• **Provided material**:

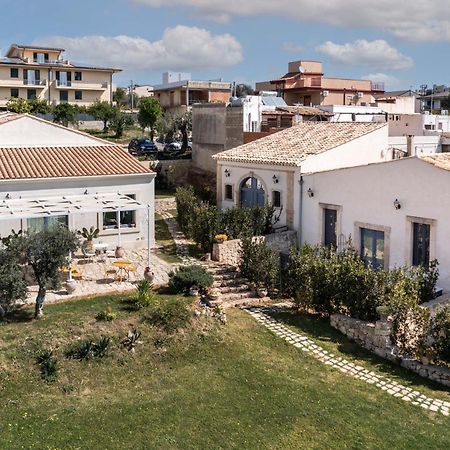 Michael Garden Bed and Breakfast Noto Buitenkant foto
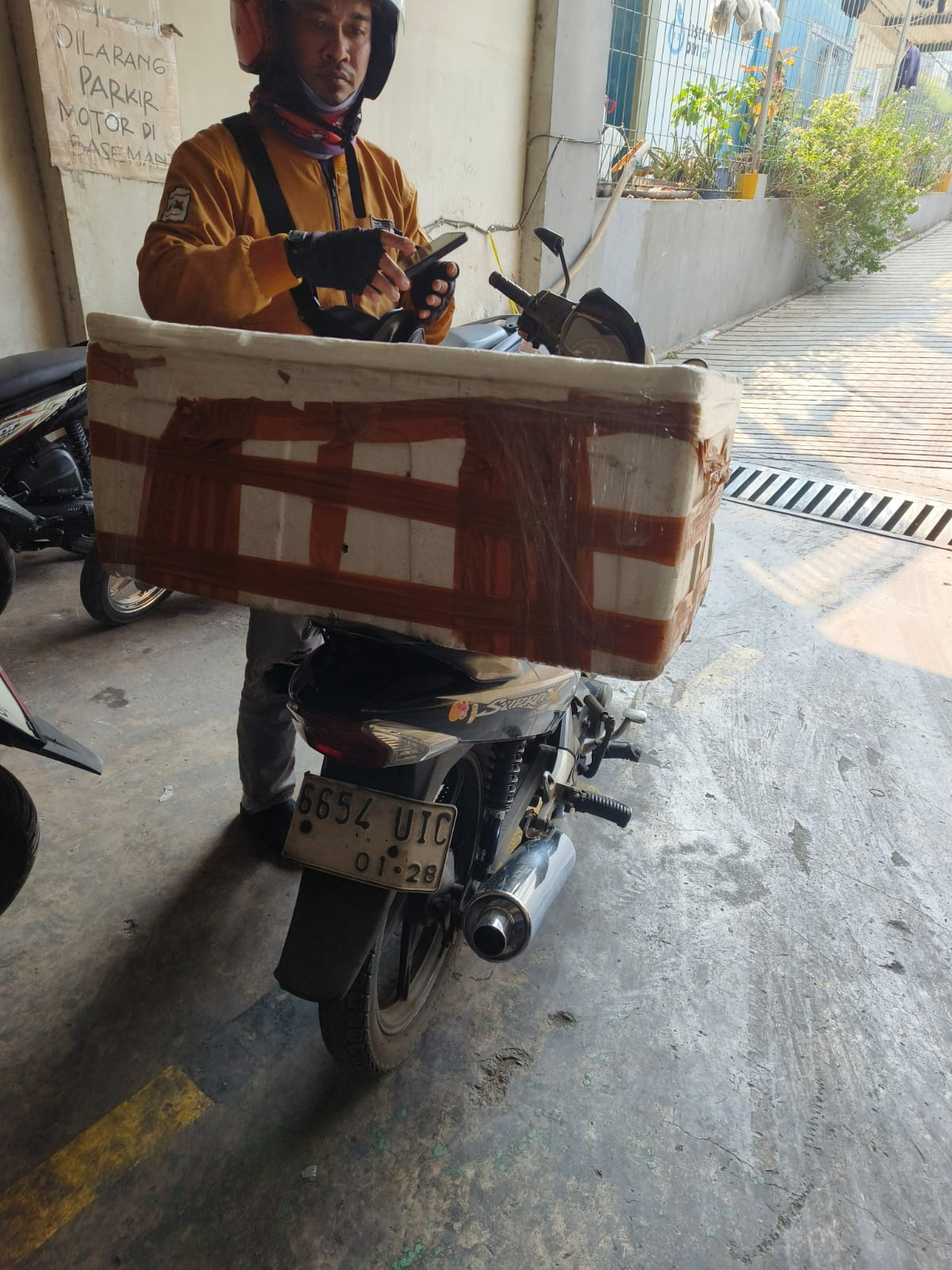 Pengiriman menggunakan motor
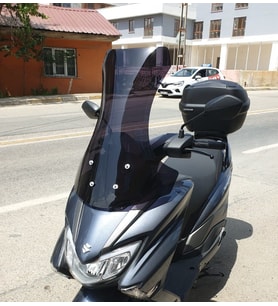 MOTOCAM Suzuki Burgman Street EX 125 Ön Cam 2023-2026 Model 62cm Siyah Renkli 4mm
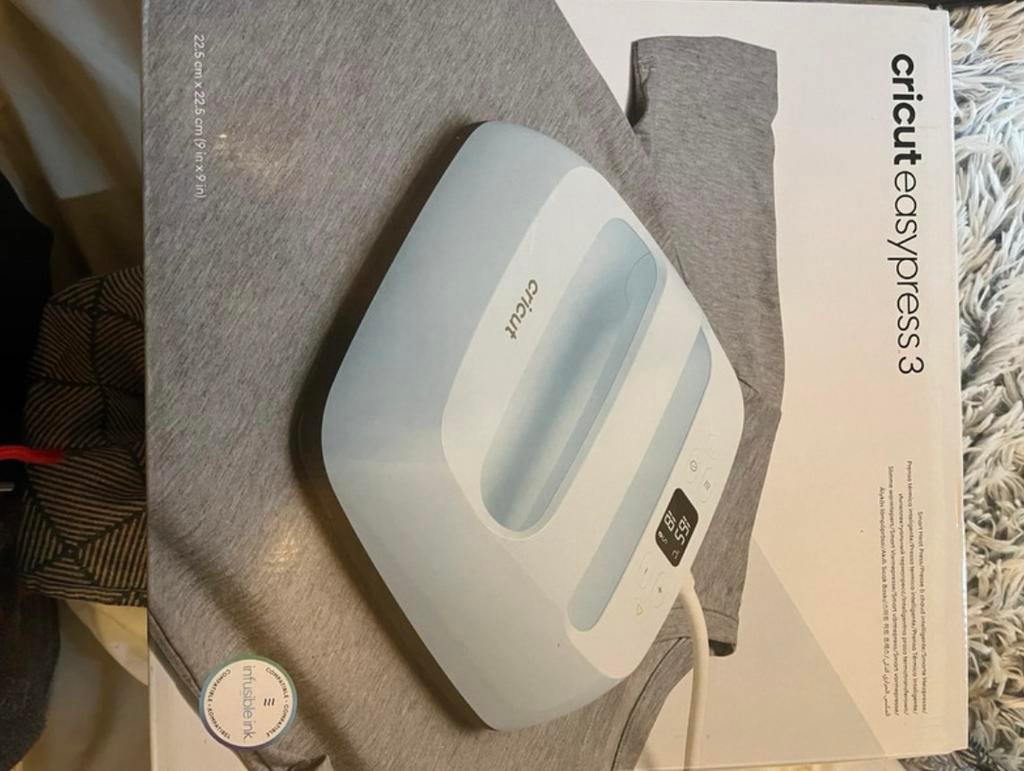 Cricut easypress 3, Services & Professionnels, Imprimeurs & Graphistes, Imprimé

• **Work request**: The pictures in the data should be omitted, and every remaining line set down exactly.

• **Answer to the problem**:
 Michael Garden Bed and Breakfast Noto Buitenkant foto
 Pengiriman menggunakan motor
 MOTOCAM Suzuki Burgman Street EX 125 Ön Cam 2023-2026 Model 62cm Siyah Renkli 4mm
 Cricut easypress 3, Services & Professionnels, Imprimeurs & Graphistes, Imprimé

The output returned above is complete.